Figure 6 shows the plot of hydraulic oil temperature vs power and wind speed for two turbines. Following an indication from Predict and after further investigation on site, it was apparent that the same component had failed in both turbines. The behavior of component temperature is similar for both turbines, that is, a larger deviation in low power regions and smaller or no deviation when the power is higher. The case study indicates that different failure modes will manifest discernably different patterns or fault signatures.
The upcoming improvement in Predict will include a continuously evolving recommendation system.
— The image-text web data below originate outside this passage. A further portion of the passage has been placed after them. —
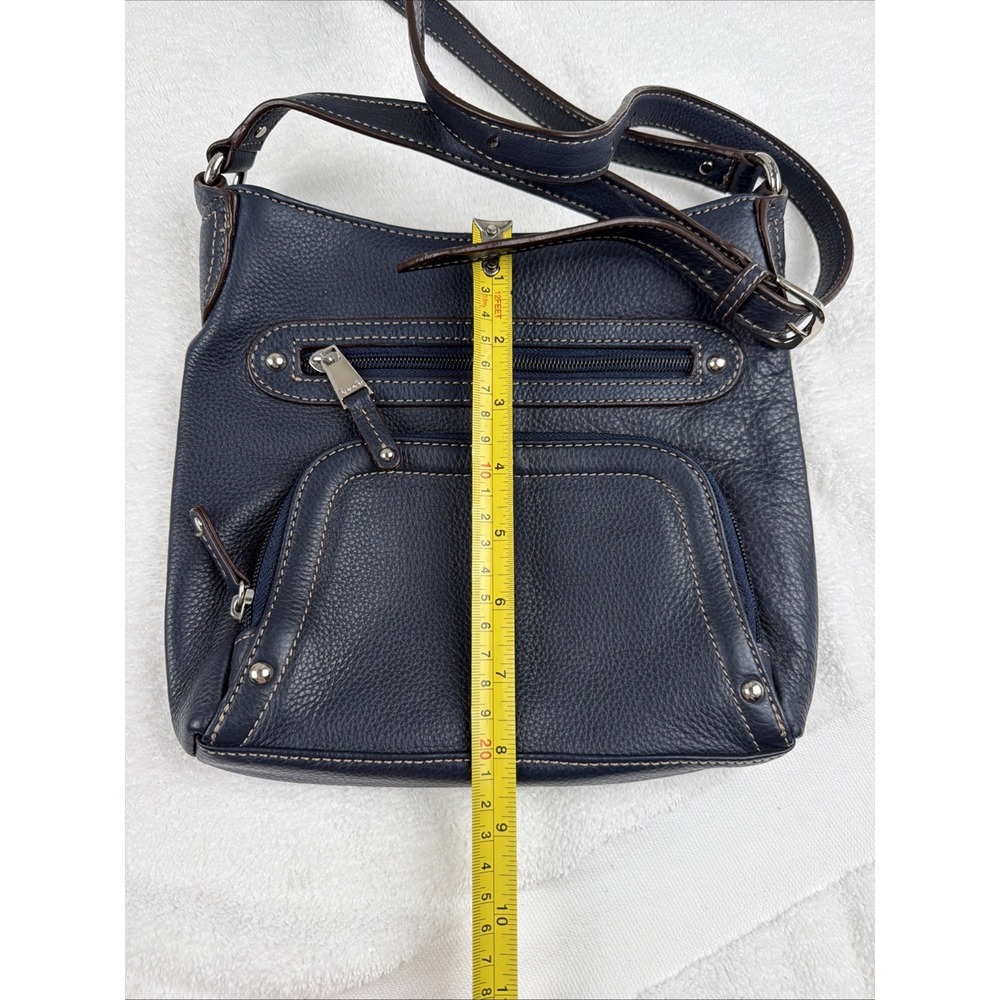 Tignanello Navy Pebbled Leather Crossbody Handbag Shoulder Bag Multiple Pockets - Picture 10 of 11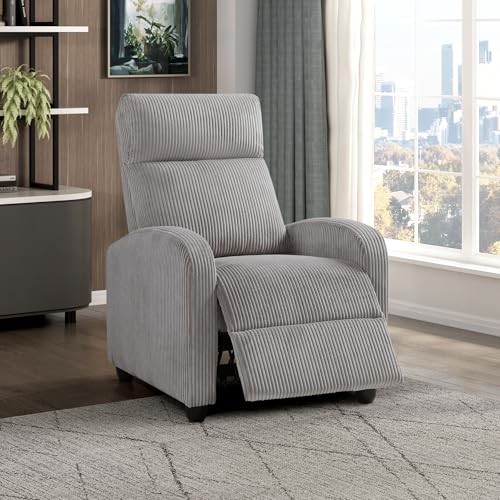 Lexicon Corduroy Pushback Recliner Chair Armchair Push Back Recliner, Solid Wood Frame and Metal Base, Easy Assembly Small Soft Single Sofa Accent Chair for Living Room/Office/Apartment, Light Grey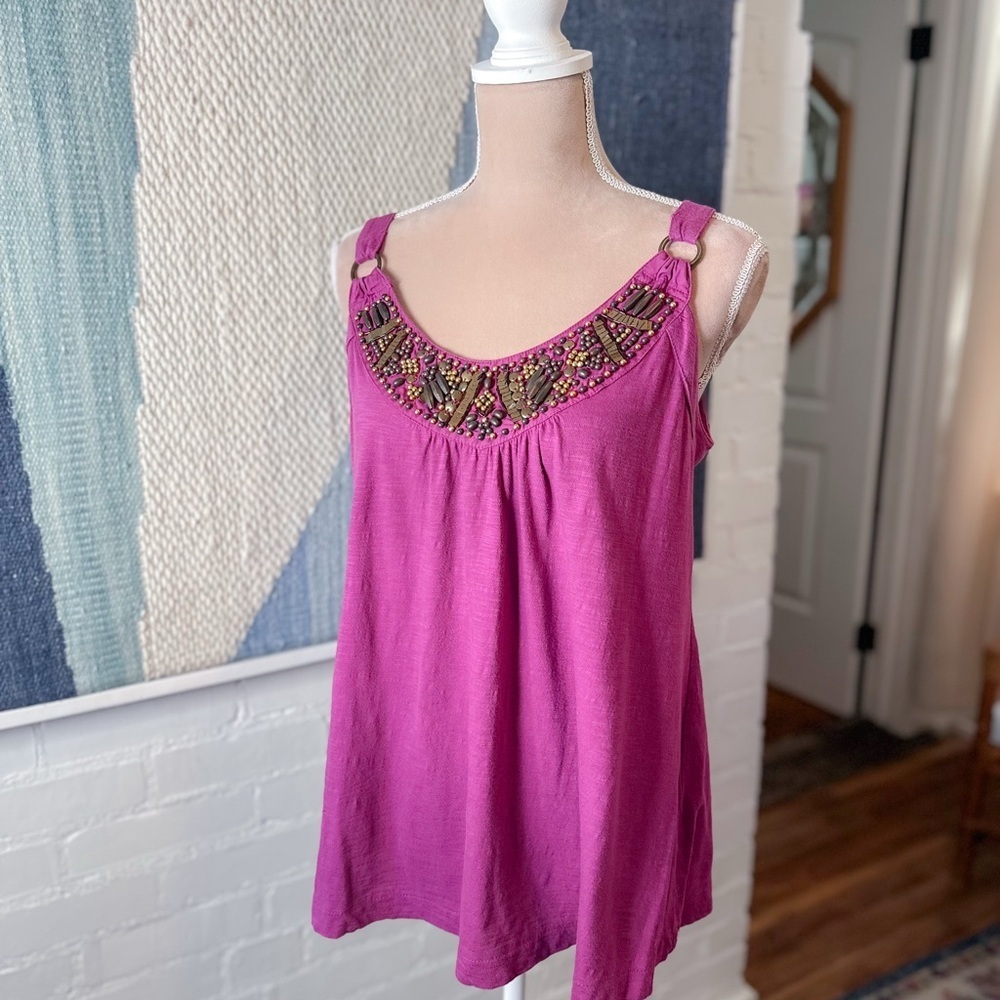 A.N.A. 100% Cotton Berry Colored Beaded Neckline Tank Top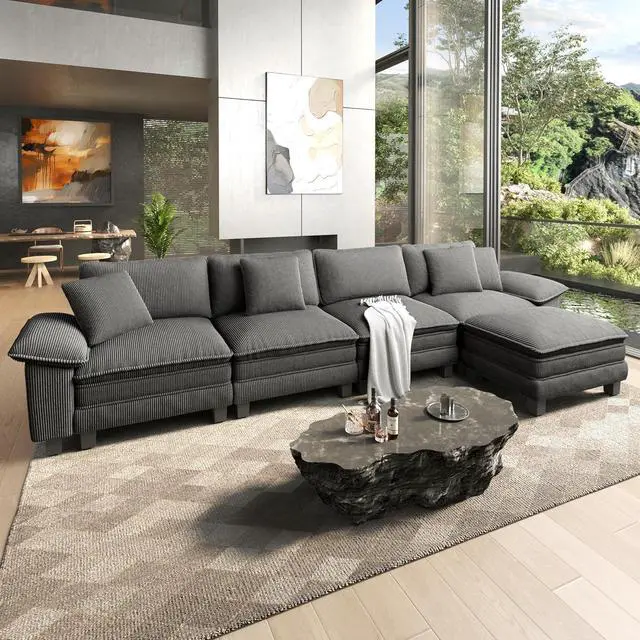 Main image of HERA'S HOUSE 158" Oversized Modular Sectional L Shaped Sofa, Corduroy Grey | 5-Seater Living Room Couches, Wider Armrest and Deep Seat, Comfy Cloud Couch with Ottoman, Wood Sturdy Frame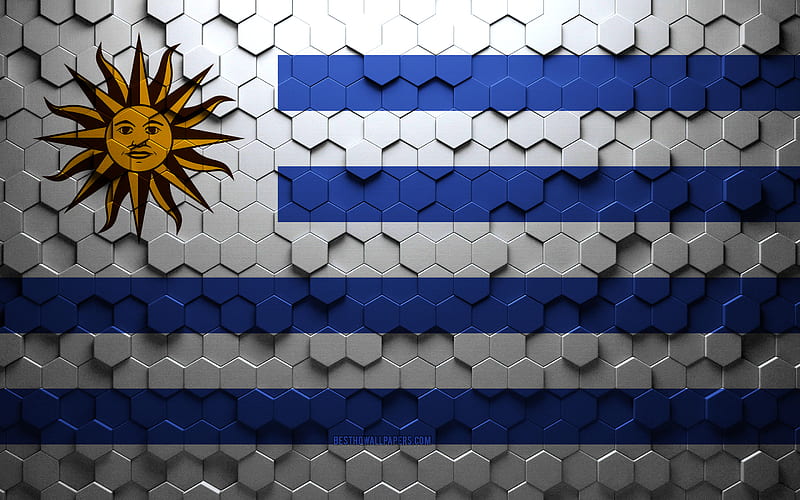 Flag of Uruguay, honeycomb art, Uruguay hexagons flag, Uruguay, 3d hexagons art, Uruguay flag, HD wallpaper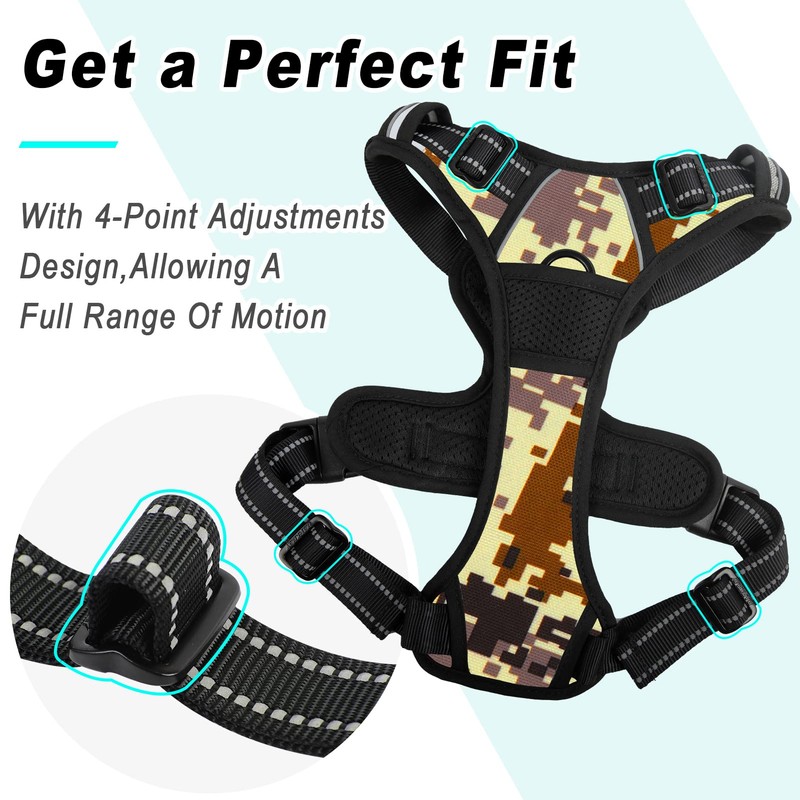 BARKBAY No Pull Dog Harness Large Step in Reflective Dog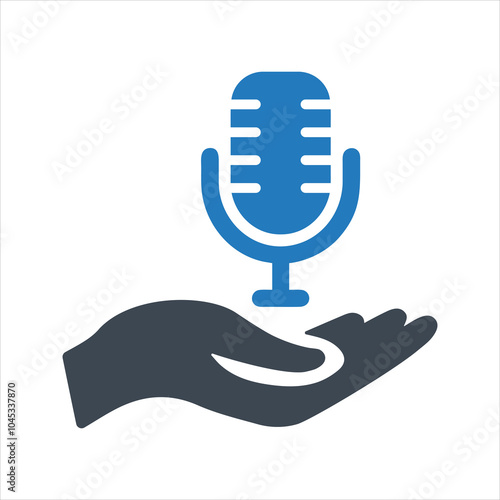 Microphone icon. Trophy in hand. Best performance icon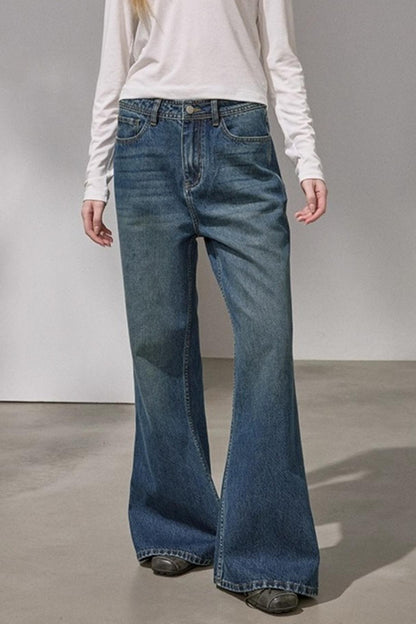 Embroidered Flared Denim Pants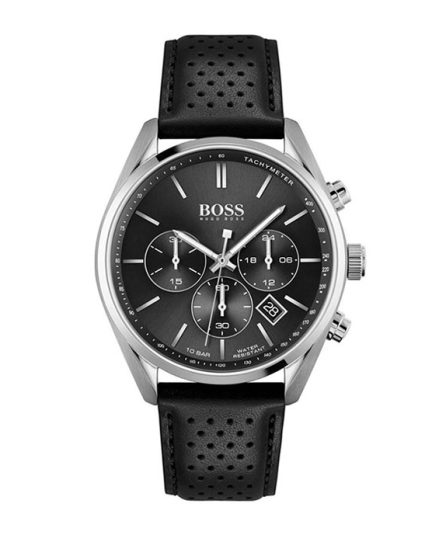 Hugo Boss Champion Black Leather black dial 44mm Men's watch 1513816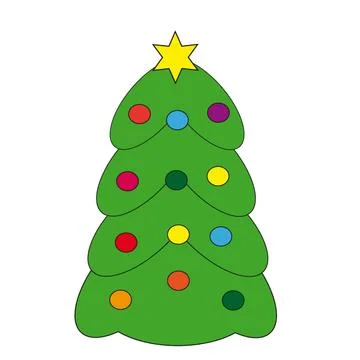 Cristmas tree on white background. Stock Illustration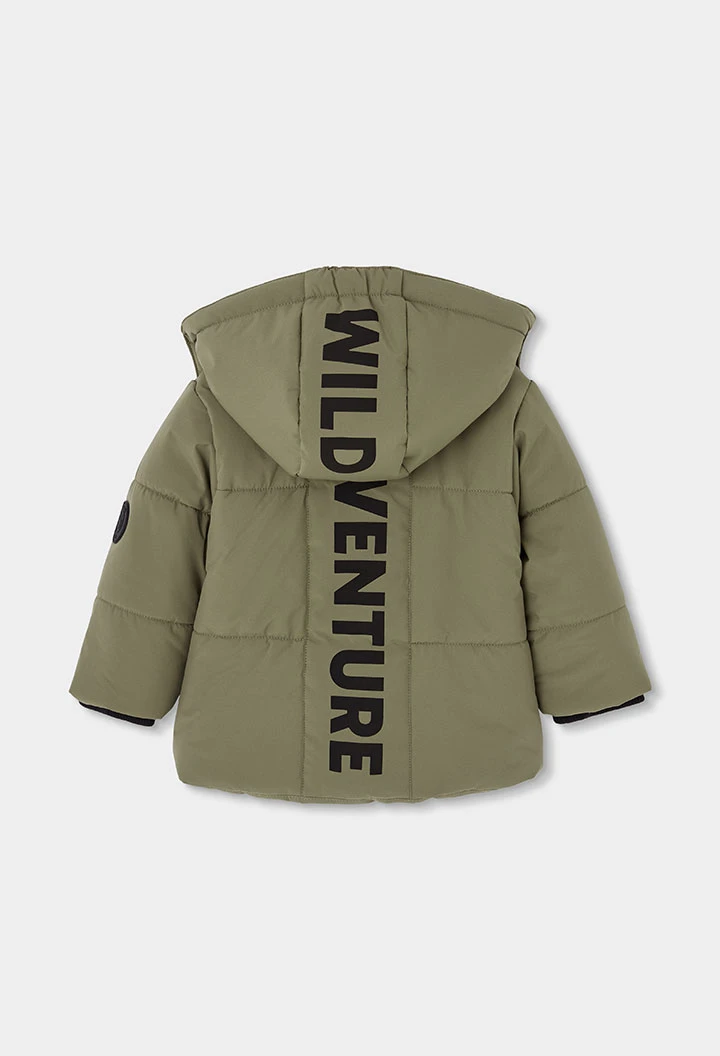 Parka em tecido técnico para menino verde com capuz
The recommendation system will describe the most probable cause for the alert and recommend the best course of action to tackle the issue.
Today, we are in the process of building this system. It will be based on a feedback tool embedded in the product which will allow the users to seamlessly provide information about which components have been repaired/replaced following an alert. Predict will gather and learn from this feedback over time, continually strengthening the recommendation system. The users of Predict will be able to anonymously share information and by doing so streamline the maintenance of their turbines: a win-win situation for all.
What else is cooking?
Predict has proven to be successful in providing increased value to our customers. In addition to developing the Predict as a part of the Greenbyte Energy Cloud offering, we are working on providing Predict as a stand-alone solution.
The success of Predict has also motivated us to examine different ways of utilizing AI methods. Predict is a temperature-based condition monitoring system, and hence does not utilize a large portion of the data that is available in a typical wind turbine SCADA system. Furthermore, temperature analysis will not be able to detect faults in certain components, like the blades, for example. Hence, the next natural step for us was to start investigating Deep Neural Network architectures to create models which could utilize all available signals from the SCADA system. We have worked extensively on this for the past six months and are very close to a working prototype. Expect more about the next AI offering from Greenbyte soon.